The song was released as the second single from R, on 4 April 2021, alongside the release of its music video. Directed by Kwon Yong-soo, the video shows the South Korean singer mourning the loss of a relationship in an elaborately decorated old house. "Gone" peaked at number six in South Korea and one in Malaysia and debuted in the top 100 of several countries, including Australia, Canada, Hungary, and New Zealand. Although it did not enter the US Billboard Hot 100, it debuted at number fifteen on the Digital Songs Sales chart.

Background and release
On 30 December 2020, in an interview with South Korean media outlet Osen, Rosé revealed that filming for her debut music video would begin in mid-January 2021. On 25 January 2021, a 33-second teaser titled "Coming Soon" was uploaded to Blackpink's official YouTube channel and featured Rosé singing an snippet of an unknown track.

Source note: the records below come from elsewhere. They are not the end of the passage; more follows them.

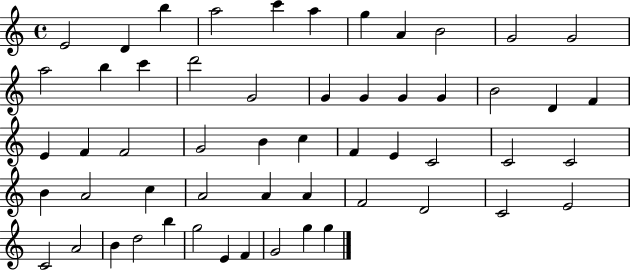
{
  \clef treble
  \time 4/4
  \defaultTimeSignature
  \key c \major
  e'2 d'4 b''4 | a''2 c'''4 a''4 | g''4 a'4 b'2 | g'2 g'2 | \break a''2 b''4 c'''4 | d'''2 g'2 | g'4 g'4 g'4 g'4 | b'2 d'4 f'4 | \break e'4 f'4 f'2 | g'2 b'4 c''4 | f'4 e'4 c'2 | c'2 c'2 | \break b'4 a'2 c''4 | a'2 a'4 a'4 | f'2 d'2 | c'2 e'2 | \break c'2 a'2 | b'4 d''2 b''4 | g''2 e'4 f'4 | g'2 g''4 g''4 | \break \bar "|."
}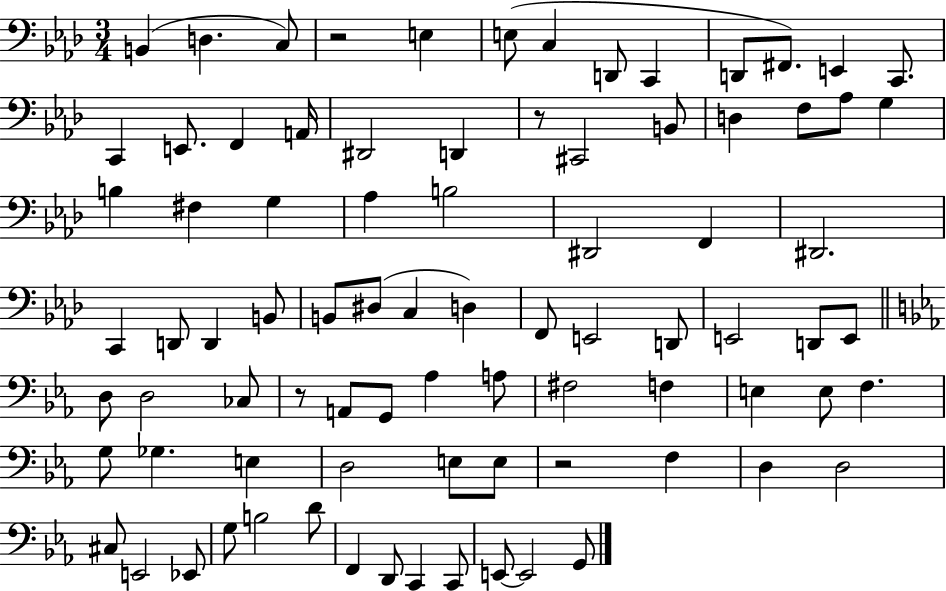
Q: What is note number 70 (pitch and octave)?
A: Eb2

Later that day, it was announced that Rosé will be showcasing a portion of the unknown track, later revealed to be titled "Gone", at Blackpink's first virtual concert, The Show, on 31 January 2021. On 11 March, Rosé revealed in an online press conference that "Gone" was originally recorded two years earlier. The following day, the song was officially released as the second track off the single album, R. A month later, on 5 April 2021, it was officially released as a single, alongside its music video.

Composition and reception
"Gone" was written by Brian Lee, J. Lauryn, Teddy Park, Rosé and produced by 24 and Brian Lee. "Gone" is a soft rock, alternative rock and indie rock romantic ballad underlaid with an electric guitar. Pertaining to a mellow vibe, the production of the song features a "stripped-back" sound and built around strummed guitar chords. The lyrics to "Gone" describe a female protagonist who still has feelings for her former lover, who has moved on. The singer's vocals were described as "raw" and  "direct". In terms of musical notation, the song is composed in the key of F# major, with a tempo of 80 beats per minute, and runs for three minutes and twenty-seven seconds.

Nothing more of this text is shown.